• Captioned web images:
--- START ---
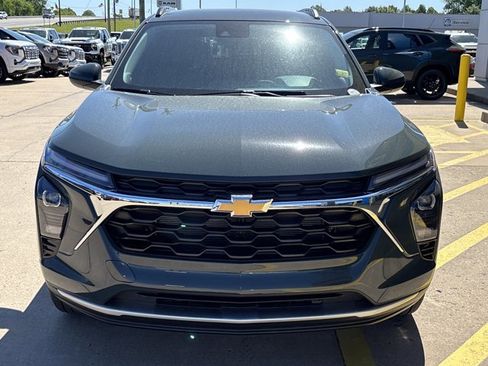 New 2026 Chevrolet Trax LT w/ LT Convenience Package FWD image 11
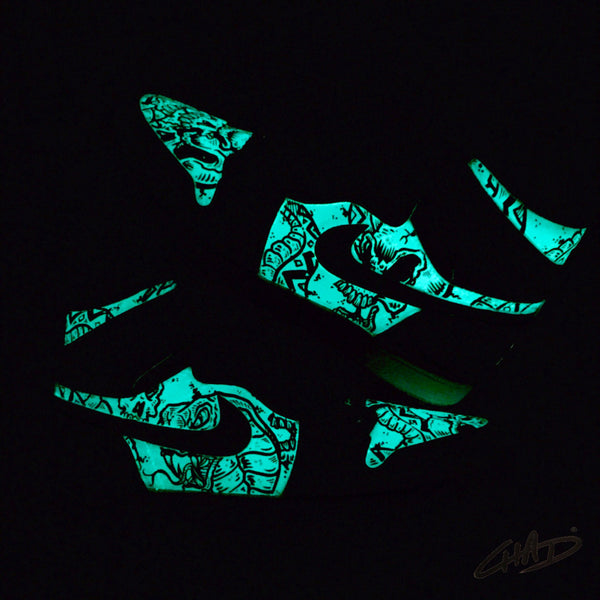 glow in the dark retro 1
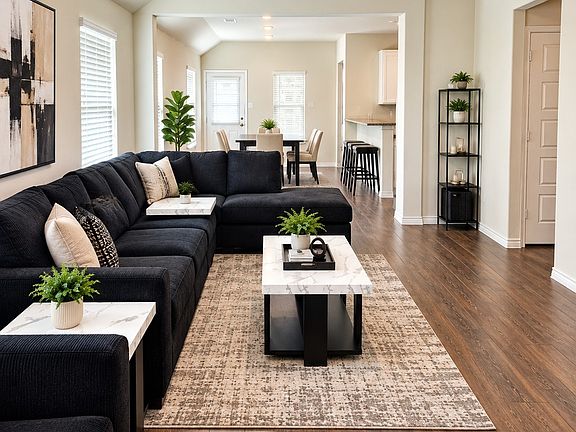4th image of 110 Arango Way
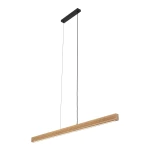 Lampa wisząca LED Viga Wood 14W 3000K w kolorze czarnym i sosnowym. Prosty, długi kształt z drewnianymi akcentami. Zawieszona na cienkich linkach, z prostokątną podstawą montażową u góry, na białym tle.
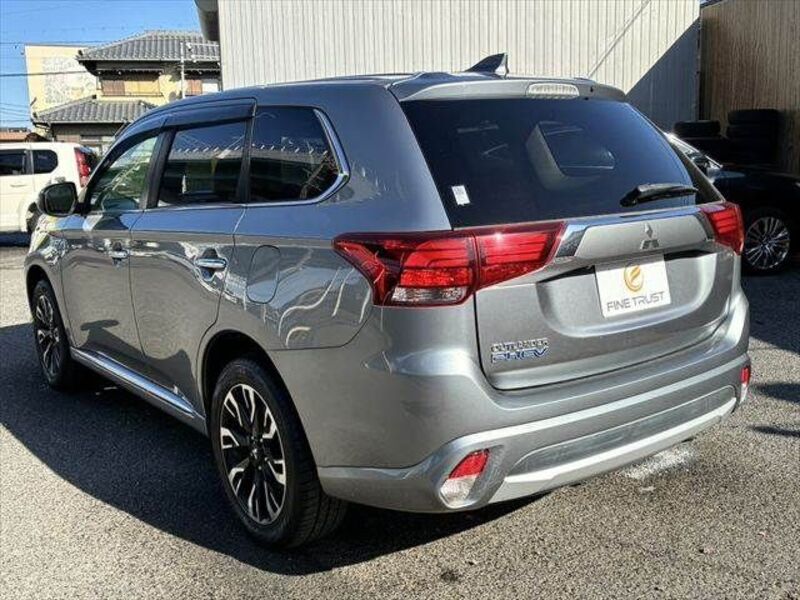 OUTLANDER PHEV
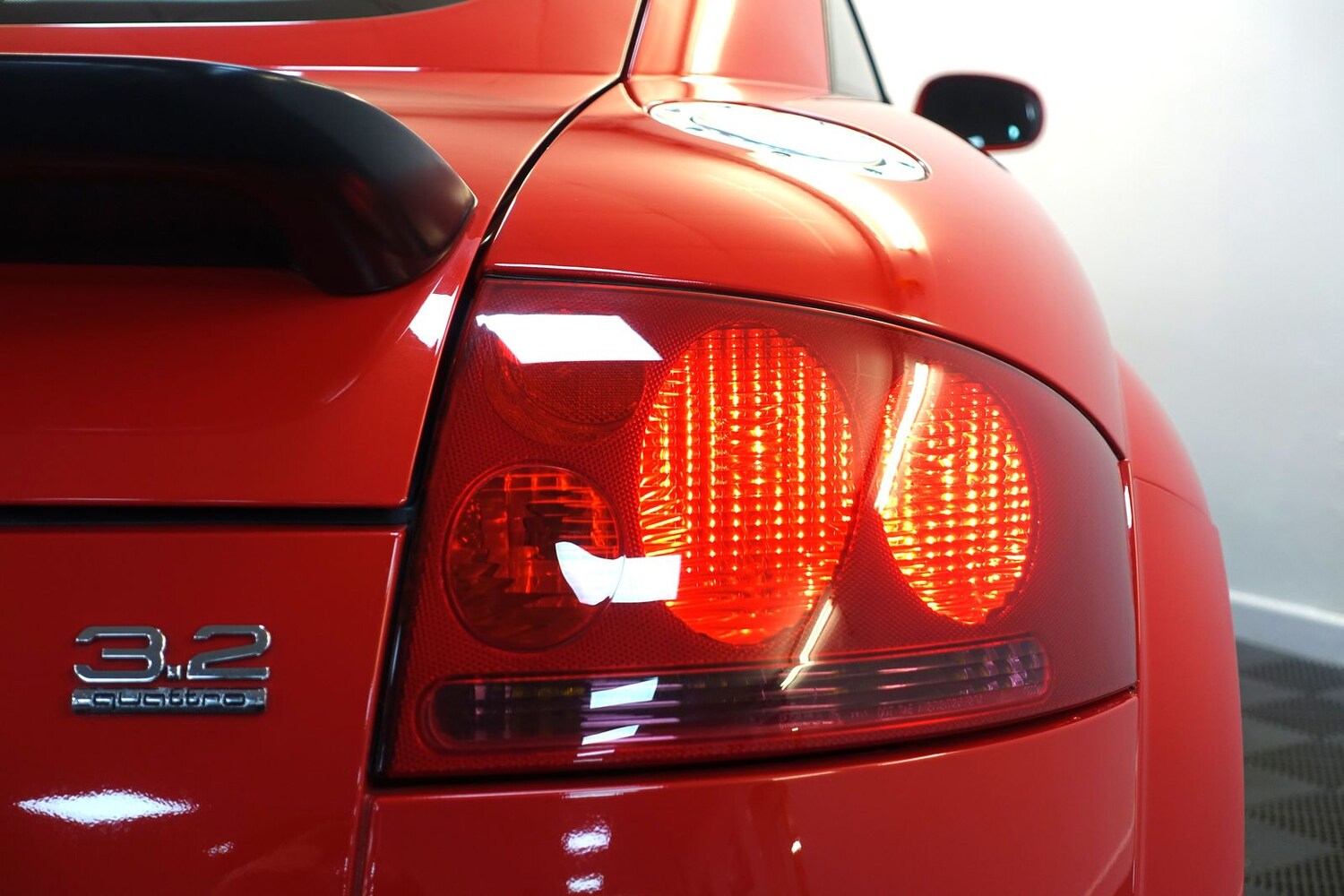 Used Audi TT 2004 for sale - 78206837: Photo 46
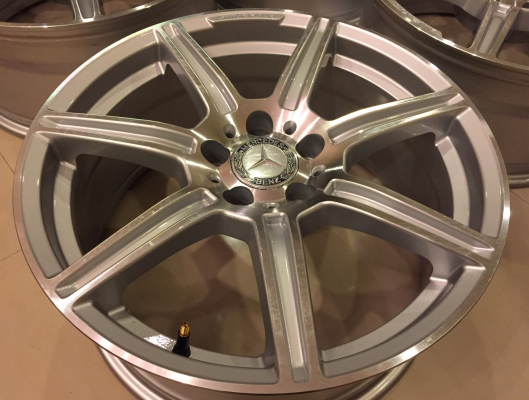 ล้อใหม่ AMG ขอบ18 รุ่นใหม่ ราคาไม่แพง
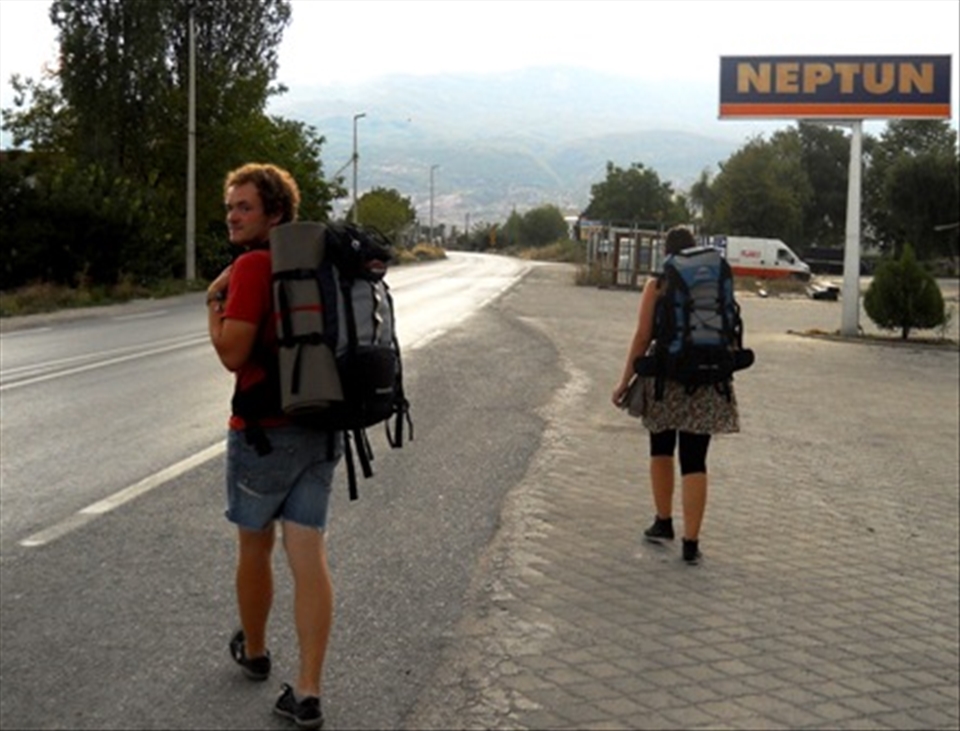 Backpackers ready to explore Balkans and its people by hitchhiking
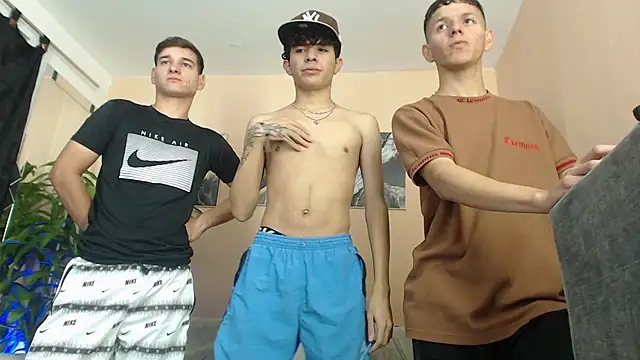 Snapshot of DesiresOfOlympus_ chatting on 02/02/26, 10:30 DesiresOfOlympus online show from 02/02/26, 10:30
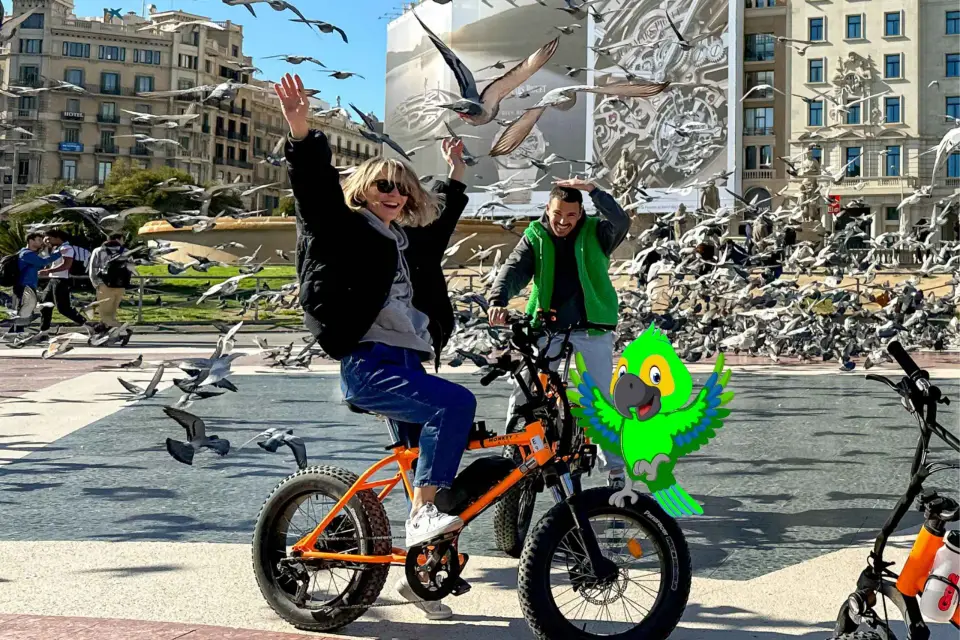 Barcelona: Visita guiada de la ciudad en bici o bicicleta eléctrica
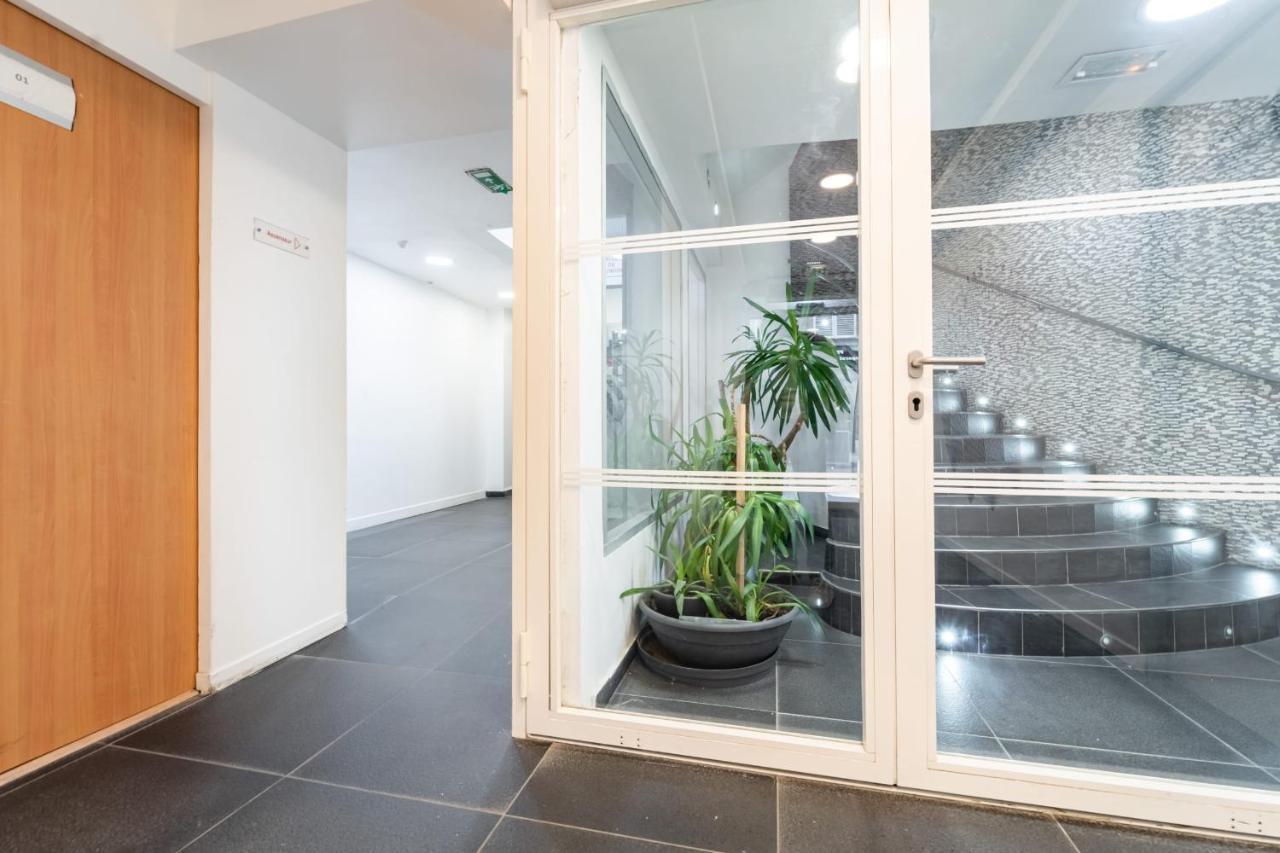 Apartment X Beautiful Studio In 8th Ii Paris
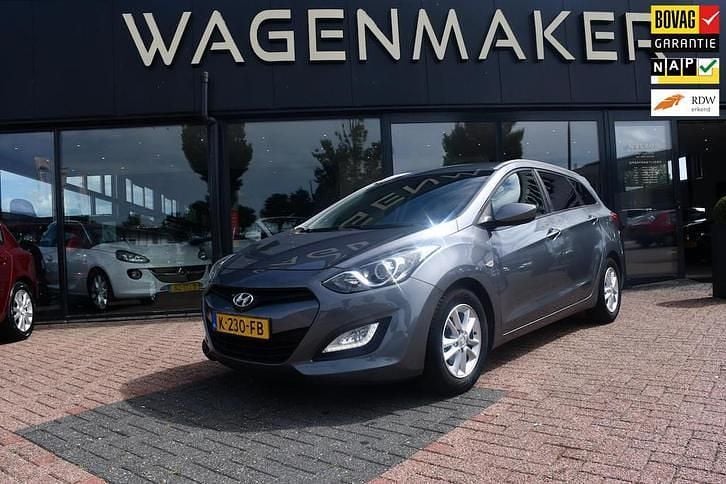 Grijs, metallic lak Gebruikt 2014 Hyundai i30 Stationwagen | € 10.450 (Goede deal) - Afbeelding 1/4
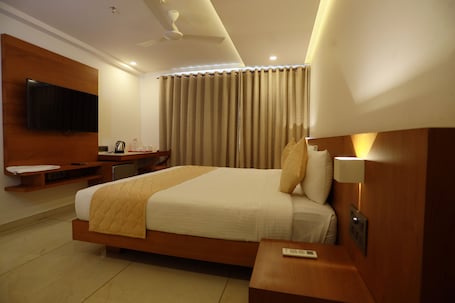 Escritorio, espacio para trabajar con laptop y wifi gratis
--- END ---
• Problem statement: What you need to copy is the run of lines from the one holding "4th image of 110 Arango Way" through the end of the data, exactly and only, both ends included, pictures omitted.

• Result of the task:
4th image of 110 Arango Way
 Lampa wisząca LED Viga Wood 14W 3000K w kolorze czarnym i sosnowym. Prosty, długi kształt z drewnianymi akcentami. Zawieszona na cienkich linkach, z prostokątną podstawą montażową u góry, na białym tle.
 OUTLANDER PHEV
 Used Audi TT 2004 for sale - 78206837: Photo 46
 ล้อใหม่ AMG ขอบ18 รุ่นใหม่ ราคาไม่แพง
 Backpackers ready to explore Balkans and its people by hitchhiking
 Snapshot of DesiresOfOlympus_ chatting on 02/02/26, 10:30 DesiresOfOlympus online show from 02/02/26, 10:30
 Barcelona: Visita guiada de la ciudad en bici o bicicleta eléctrica
 Apartment X Beautiful Studio In 8th Ii Paris
 Grijs, metallic lak Gebruikt 2014 Hyundai i30 Stationwagen | € 10.450 (Goede deal) - Afbeelding 1/4
 Escritorio, espacio para trabajar con laptop y wifi gratis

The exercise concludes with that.